What are the five FSMO roles?

Reading Time: 3 minutes

This is a common question asked when going for an IT related job interview ­čÖé

The five FSMO roles are:

Schema master
Domain Naming master
RID master (Relative Identifier)
PDC Emulator master
Infrastructure master

Two of the roles are forest wide and three are domain wide roles. The Forest wide FSMO roles are common for the entire forest, and by default are held on the first Domain Controller within the forest root domain.

The Forest Wide roles are:
Schema master
Domain Naming master

The other three domain wide roles are:
RID master (Relative Identifier)
PDC Emulator master
Infrastructure master

About the roles:

Schema master
The schema master controls all updates and modifications to the schema. It’s shared between every tree and domain in a forest and must be consistent between all objects. If the server holding the schema role failed, in most cases the loss of this role will not affect network users but will affect admins if modifications to the schema were required.

Domain Naming
When a new domain is added to a forest the name must be unique within the forest and the domain naming master must be available when adding or removing a domain within a forest. Temporary loss of this role holder will not be noticeable to network users. Domain admins will only notice the loss if a domain is required to be added or removed within the forest.

RID master (Relative Identifier)
This role is in charge of allocating RIDs to DCs within a Domain. When objects such as a computer, user or group is created in AD (Active Directory) it is given a SID. The SID will consist of a domain SID (which is the same for all SIDs created in the domain) and a RID which is unique to the domain. When moving objects between domains you must start the move on the DC which is the RID master of the domain that currently holds the object.

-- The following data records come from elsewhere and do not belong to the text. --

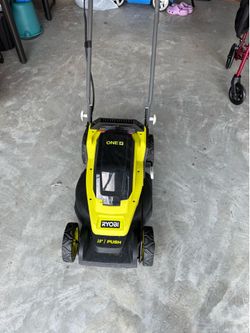 Ryobi lawn mower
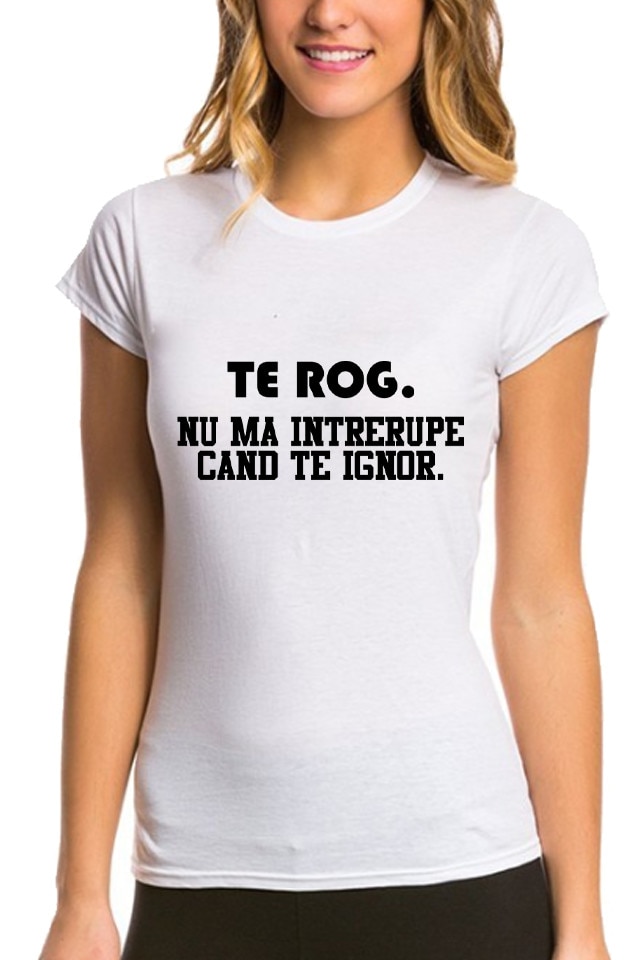 Tricou Dama Personalizat 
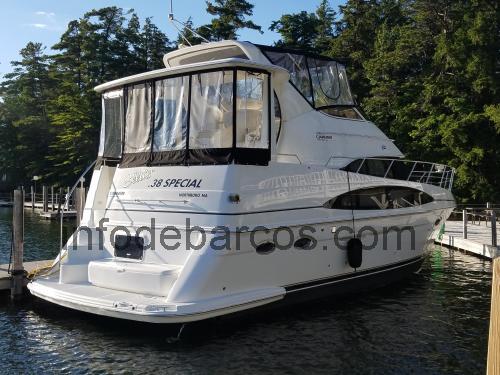 Carver 396 Motor Yacht ficha técnica y opiniones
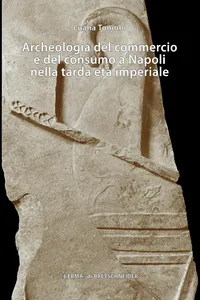 Archeologia del commercio e del consumo a Napoli nella tarda età imperiale_cover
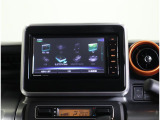 お出かけの強い味方☆フルセグナビ搭載! AV機能:AM/FMラジオ・TV・CD・DVD・Bluetooth・MSV・SD・USB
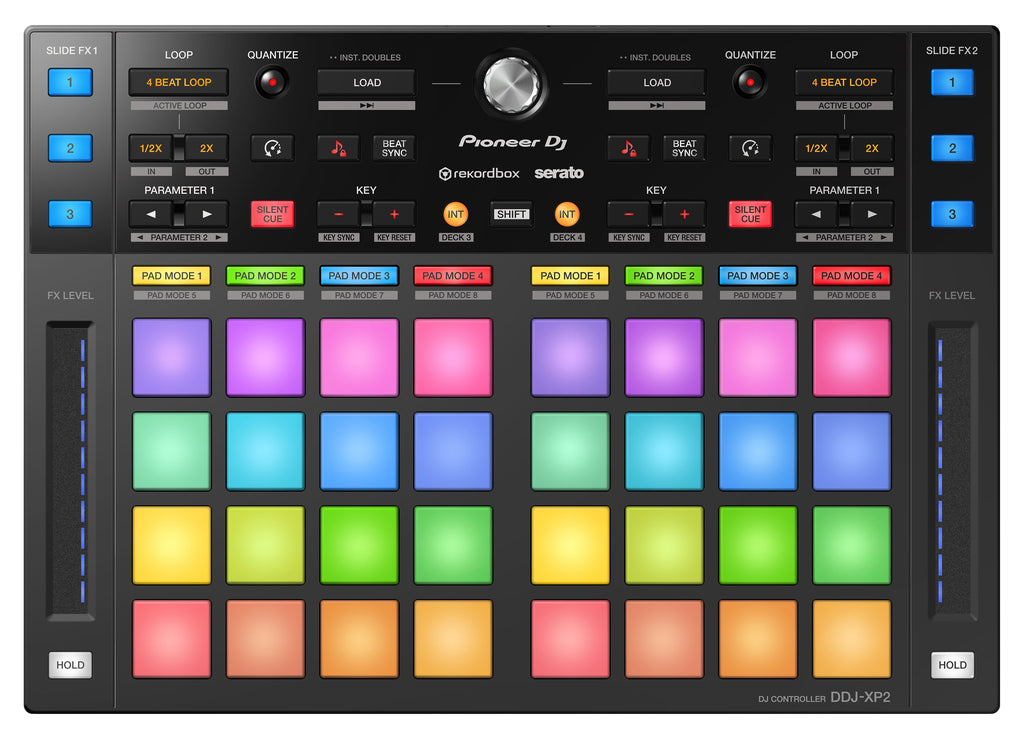 DDJ-XP2 Pioneer DJ controller voor Rekordbox en Serato DJ Pro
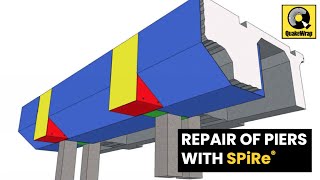 SPiRe: Repair Corroded Piers and Decks with FRP Shells
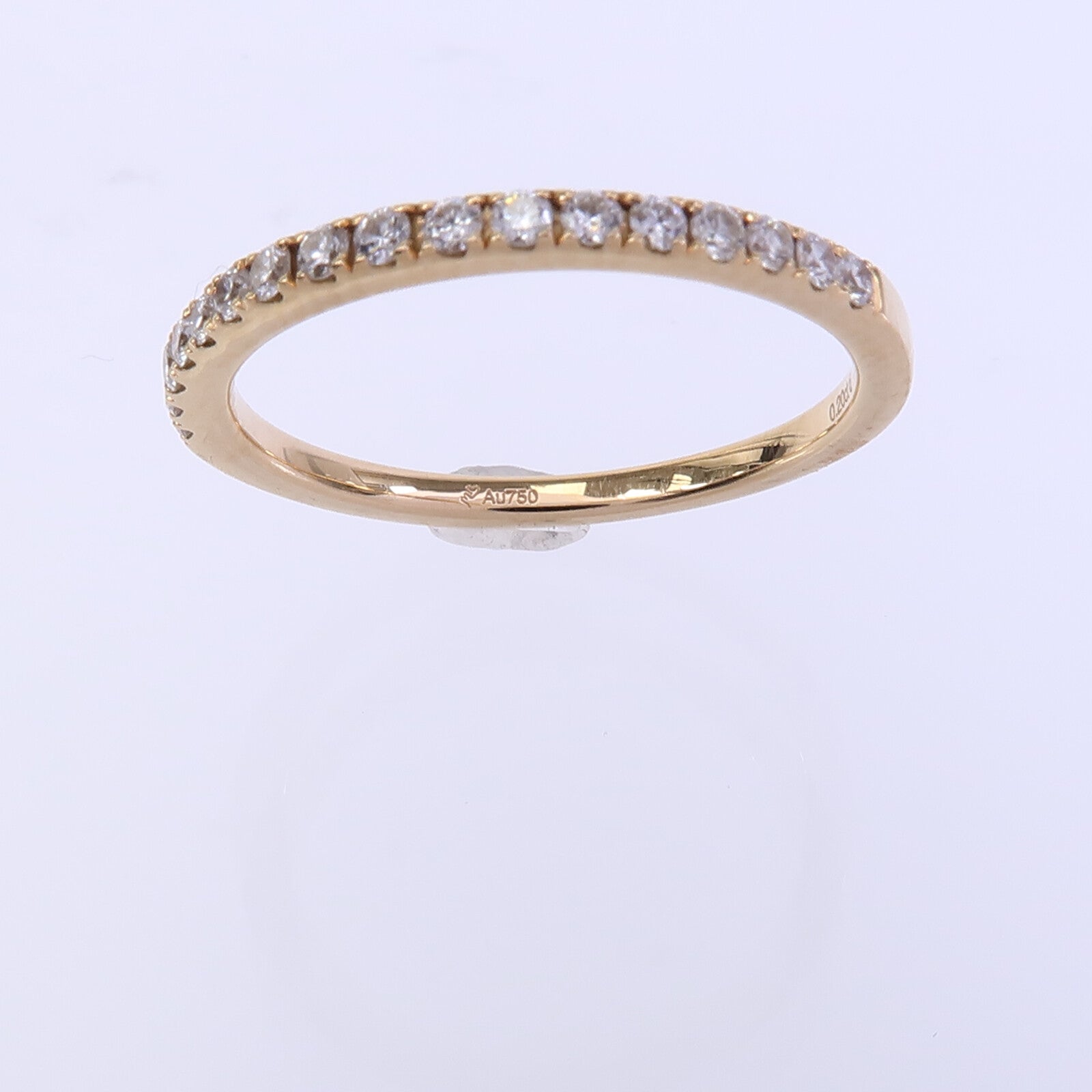 JEWELRY 18K玫瑰金Diamond Ring鑽石戒指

If this role fell over, the chances are good that the existing DCs will have enough unused RIDs to last some time, unless you are building hundreds of users or computer objects per week. Ddomain admins will notice the loss if a domain they are creating objects in runs out of relative IDS (RIDs).

PDC Emulator master
The PDC emulator acts as a Windows NT PDC for backwards compatibility, it can process updates to a BDC. It is also responsible for time synchronising within a domain. Any password changes are replicated to the PDC emulator as soon as is practical. If a logon request fails due to a bad password the logon request is passed to the PDC emulator to check the password before rejecting the login request. This role will affect users if it was to go down.

Infrastructure master
The infrastructure master is responsible for updating references from objects in its domain to objects in other domains. The global catalogue is used to compare data as it receives regular updates for all objects in all domains. Any change to user group references are updated by the infrastructure master. For example, if you rename or move a group member and the member is in a different domain from the group, the group will temporarily appear not to contain that member.

Temporary loss of the Infrastructure master role holder will not be noticeable to network users. Administrators will not notice the role loss unless they are or have recently moved or renamed large numbers of accounts. Group memberships may be incomplete. If you only have one domain, then there should be no impact.

NOTE: In the event you need to seize the Infrastructure master role, do not seize it to a DC which is a global catalogue server, unless all DCs are global catalogue servers.